Demoex originally used Nordfors software, which 
implemented delegable proxy. However, they 
shifted to Membro software, and then, in 2008, to 
their own. It is unclear whether or not they are using delegable proxy.

If they are, it could be working reasonably well, 
but ... they are still apparently electing, not a 
true representative, but a rubber-stamp for 
majority opinion in the Demoex process. That does 
not fit with the deliberative process in the local parliament.

The last reports I see show Demoex went from 1.7% 
in the 2002 election, raised to 2.6% in 2006. 
They elected one seat both years. For 
perspective, the population of Vallentua is 
reported in Wikipedia as 25,228. It is unclear if 
the associated municipality, Taby, would be 
represented in the parliament, if so, the population basis would be 85,425.

The page above refers to a blog for more information about Demoex.


This blog is obviously promoting Demoex and 
deprecating at least one of the other parties 
that took seats in the election, the Sweden 
Democrats. In the latest post in this Demoex 
section of the blog, Juluy 4, 2012, the Demoex 
Way (roughly) is promoted for use around the world.

Posts of November 2 and December 12, 2011, 
announced a book being published about Demoex and 
plans to create software for on-line democracy, 
following the Demoex model. Are they aware of Votorola?

January 18, 2011:

>Demoex has tried, but failed, to create a 
>platform for joint public political debate on 
>the web. The elected representatives from the 
>traditional parties have refused to participate 
>in this democratic experiment. Instead they have 
>marginalised Demoex through out the eight years.

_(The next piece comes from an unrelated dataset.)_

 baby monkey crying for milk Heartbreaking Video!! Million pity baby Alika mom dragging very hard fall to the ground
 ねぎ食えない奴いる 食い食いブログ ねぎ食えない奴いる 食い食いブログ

In other words, it's their fault we failed. The blog goes on:

>The greatest obstacle is the party system’s 
>hierarchical structure. Hierarchies in politics 
>mean that power is concentrated on only a 
>handful of people. None of them benefit from 
>sacrificing party interests for the benefit of a greater good.

This assumes that representatives "benefit" by 
being elected. It totally ignores the other side 
of this issue, and it identifies, as the problem, 
what is probably inevitable in *any organization* 
-- including Demoex. See http://en.wikipedia.org/wiki/Iron_law_of_oligarchy

There are solutions to the problem, but the Demoex model won't work.

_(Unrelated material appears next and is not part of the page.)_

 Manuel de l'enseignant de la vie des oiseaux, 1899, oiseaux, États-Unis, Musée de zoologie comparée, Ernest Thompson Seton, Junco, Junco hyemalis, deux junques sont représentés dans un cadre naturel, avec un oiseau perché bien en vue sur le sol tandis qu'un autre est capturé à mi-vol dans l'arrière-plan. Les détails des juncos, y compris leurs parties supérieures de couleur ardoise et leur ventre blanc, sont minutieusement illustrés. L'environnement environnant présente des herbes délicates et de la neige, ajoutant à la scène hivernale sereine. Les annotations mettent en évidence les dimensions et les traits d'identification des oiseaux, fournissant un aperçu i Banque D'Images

What we see below is an assumption that members 
of a town council will vote purely according to 
party interests, rather than their own opinions. 
Now, it looks like a system of PR is being used, 
probably party-list. So members *are* identified 
by party. In the US, town offices are commonly 
elected without party designations. In hybrd 
direct/representative democracy systems, as I've 
been proposing, party-list and party 
affiliations, while they might be known, would 
not be on the ballot, and, indeed, there would be 
no names on the ballot. Old-style ballot, the 
name -- or a numerical code -- is written in.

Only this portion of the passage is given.